J'aime déjà tout particulièrement l'univers des indiens, cette osmose avec la nature, cette philosophie de vie. C'est donc avec un grand bonheur que je me suis plongée dans cette lecture.

Un récit, celui de Horse Indien, en centre de désintoxication, celui de sa vie morcelée...
Tout d'abord son enfance dans une famille déchirée entre la culture traditionnelle portée par une grand-mère incroyable (quel personnage !) et l'emprise des blancs que les parents ont plus ou moins acceptée. Il y a des passages magnifiques et douloureux sur le déchirement des familles, sur la disparition des enfants, sur les désaccords autour d'un corps lorsque les croyances et la culture se délitent... Dans ses souvenirs on sent déjà la perversion qui gangrène son peuple autour des parents, de la boisson...

Et puis c'est le temps de l'école.... effroyable, hors du temps, qui lave les cerveaux et les âmes... Tant de moments d'une violence inouïe qui frappent d'autant plus qu'ils sont racontés dépouillés de toute emphase, de tout pathos, en toute simplicité... Je reste hantée par ces petites silhouettes juste esquissées qui ont disparues, victimes des pires sévices...

Dans toute cette noirceur, Saul se réfugie dans le sport, rédempteur, qui l'aide à oublier l'horreur et à s'oublier, à se surpasser, à donner sens à sa vie....
Quel tour de force magistral d'avoir su m'emporter sur un tel sujet qui se situe bien loin de mes intérêts personnels...je ne suis adepte d'aucun sport d'équipe, je ne regarde aucun match de quelque sport que ce soit et là....
J'ai aimé chaque ligne sur le hockey, cette façon de raconter la découverte, les sensations, les odeurs, l'adrénaline et cette faculté incroyable, l'intelligence du temps et de l'espace qui porte le sport au rang d'Art...Magnifiques lignes sur l'instinct, sur le dépassement de soi, sur l'accomplissement....
Mais très vite, Saul, malgré son indéniable talent, est confronté au racisme primaire, odieux.... inacceptable...

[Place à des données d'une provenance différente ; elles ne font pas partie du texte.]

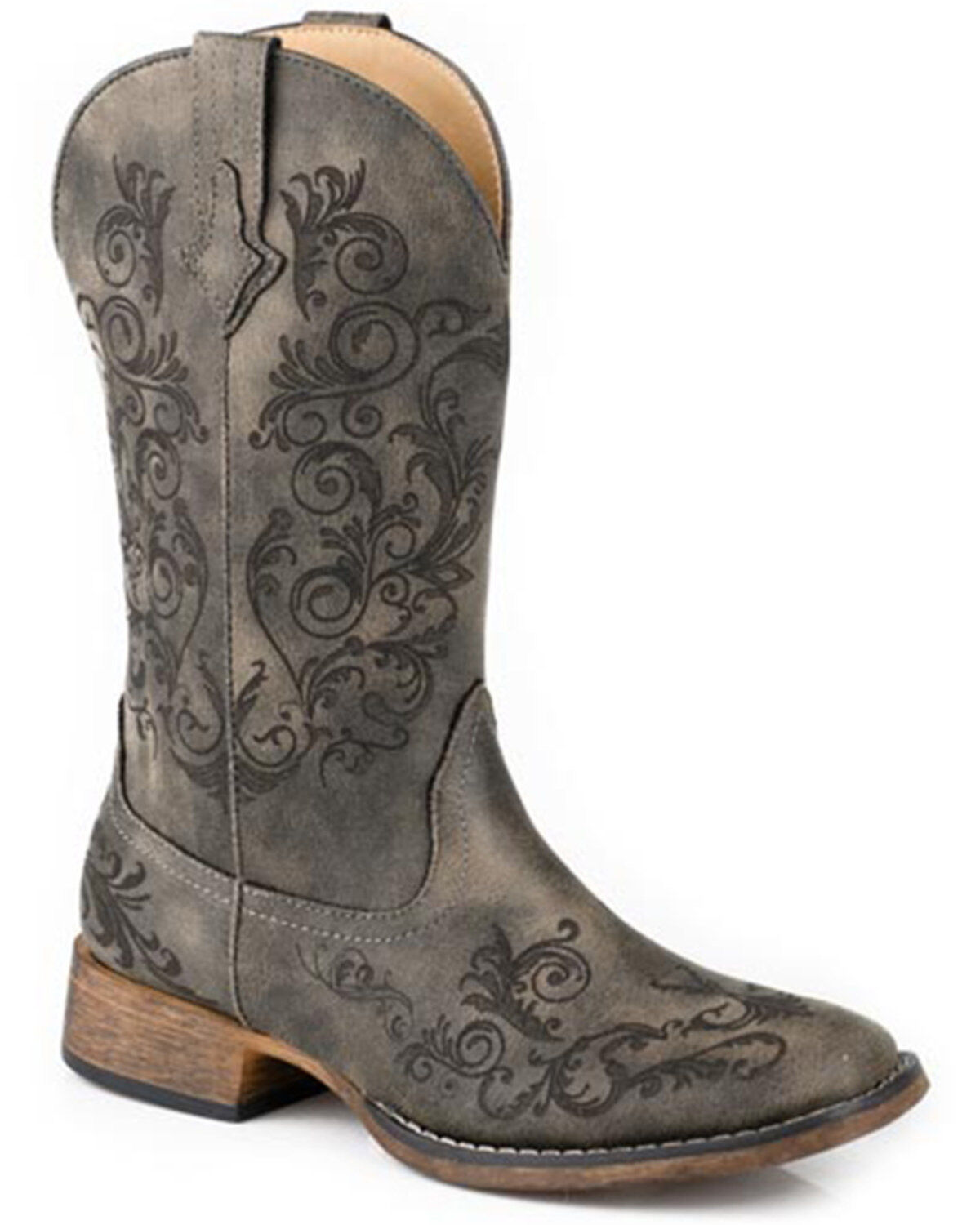 Roper Women's Bailey Laser Embroidered Western Boots - Broad Square Toe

Coupé dans son élan, Saul va se perdre et chercher à se retrouver. Quelques belles rencontres l'aideront mais son cheminement intime sera long et douloureux, jusqu'à l'acceptation des non-dits ... Quel personnage émouvant, terriblement émouvant et attachant !

J'ai adoré cette lecture dans toutes ses dimensions, le fonds, le deuil, l'appartenance, le racisme, les blessures d'enfance comme la forme, d'une poésie envoûtante, d'une élégance dans le propos, d'une justesse dans les sentiments qui offre des lignes d'une profonde beauté.